Wouldn't gamers and non-gamers alike appreciate a good shake-up to the typical syllabus? Even this variation on the traditional dreaded quiz seems a vast improvement: "Last semester in our Theory and Practice of Game Design class I was planning to hide some quiz answers, taped to the bottom of chairs in each zone. They still had to match the answers to the questions, but they were encouraged to trade the information with one another. This directed their preparation for quizzes, forcing them to study when ordinarily many wouldn’t bother."
Sheldon's classroom game mechanics might address an interesting group dynamic that social psychologists call social loafing, or free-riding, the phenomenon in which individuals exert less effort on collective tasks than they would on individual tasks. How clever, then, to create guilds that are responsible for performing collective tasks, for which individuals and groups get evaluated, in the context of a classroom.
Sheldon wrote on his blog, "Every few classes guilds move to a new zone (so slackers can’t cluster at the back for an entire semester!), and receive extra credit for answering questions regarding the person it is named after. Since they don’t know the questions in advance, they do research on their own."
In my experience, most students come into a classroom, pick a seat, and that's their territory for the entire semester. And I understand why: we find friendly faces, we get comfortable with our neighbors, we like the view out the window, we need a plug outlet, and it's just easier not to renegotiate that sometimes awkward ritual of finding a place to sit. So belonging to a guild that periodically moves is a nice hybrid, a way to balance comfort with change.

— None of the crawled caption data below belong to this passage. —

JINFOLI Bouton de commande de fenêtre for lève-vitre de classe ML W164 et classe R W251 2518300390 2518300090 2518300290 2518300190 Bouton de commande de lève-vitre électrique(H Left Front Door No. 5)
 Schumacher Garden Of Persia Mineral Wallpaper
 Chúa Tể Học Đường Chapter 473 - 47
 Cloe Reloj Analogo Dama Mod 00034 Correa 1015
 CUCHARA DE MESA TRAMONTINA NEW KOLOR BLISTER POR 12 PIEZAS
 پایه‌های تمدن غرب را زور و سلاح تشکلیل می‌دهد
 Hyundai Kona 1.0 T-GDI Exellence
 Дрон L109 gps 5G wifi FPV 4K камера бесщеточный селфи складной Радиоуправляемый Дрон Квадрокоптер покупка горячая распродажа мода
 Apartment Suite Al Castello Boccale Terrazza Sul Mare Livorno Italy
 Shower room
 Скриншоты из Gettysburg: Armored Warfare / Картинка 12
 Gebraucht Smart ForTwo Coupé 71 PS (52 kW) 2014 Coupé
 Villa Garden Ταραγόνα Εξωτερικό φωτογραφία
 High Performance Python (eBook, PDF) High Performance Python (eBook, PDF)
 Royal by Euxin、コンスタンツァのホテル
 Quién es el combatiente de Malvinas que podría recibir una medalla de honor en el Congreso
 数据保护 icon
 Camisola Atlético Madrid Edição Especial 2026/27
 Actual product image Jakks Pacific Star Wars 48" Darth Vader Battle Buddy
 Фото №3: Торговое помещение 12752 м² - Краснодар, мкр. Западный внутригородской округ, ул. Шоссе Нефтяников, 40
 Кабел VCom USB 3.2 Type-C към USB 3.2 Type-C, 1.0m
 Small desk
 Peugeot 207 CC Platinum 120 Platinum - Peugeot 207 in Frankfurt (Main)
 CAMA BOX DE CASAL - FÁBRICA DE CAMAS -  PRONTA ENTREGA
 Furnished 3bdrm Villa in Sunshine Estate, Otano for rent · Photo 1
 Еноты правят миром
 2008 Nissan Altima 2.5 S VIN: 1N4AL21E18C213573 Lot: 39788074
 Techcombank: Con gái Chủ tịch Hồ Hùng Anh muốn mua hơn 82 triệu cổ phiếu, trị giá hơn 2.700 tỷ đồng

Social loafing literature has identified the causes of free-riding, but the real implications are in learning what motivates people to participate. So often professors assign group projects that may or may not mimic real-world collaborative efforts, and participation in these group is, in my experience, usually uneven. Rarely have I worked on a project in which each person has contributed a fair share, and in classes that involve technical skill, people usually take on tasks in which they already excel. We are remarkably adept at pouring efforts into the item that gets the grade, and most group work seems more a process of coordination than collaboration. What I like about Sheldon's syllabus is that the collective tasks have sufficient focus, with some tasks being almost incremental, providing opportunities for different types of leading or following to occur in response to the task at hand or the longer-term goal.
What struck me most about Sheldon's class, though, was thinking about students' motivation to pay attention and participate, particularly in terms of the laptop-in-the-classroom debate. The laptop would be a tool in this class, useful when needed, but otherwise too distracting. It may even be detrimental to the success of the guild if it distracted individual members from the group's collective tasks. I understand professors who don't want laptops in their classrooms, but why stop there? Shouldn't the phones go too? And the windows? Most of all, maybe we should check how tired students are. I am at my least engaged and participatory, with no chance of paying attention, when tired.
I plan to follow Sheldon's blog, to see what else develops in his classrooms and others that may try something similar. How do you think game mechanics would work in non-game design classes? How would you go about applying something like this to your own classes? If anyone has tried anything like this, I would be curious to hear about it here, or over at Gaming the Classroom.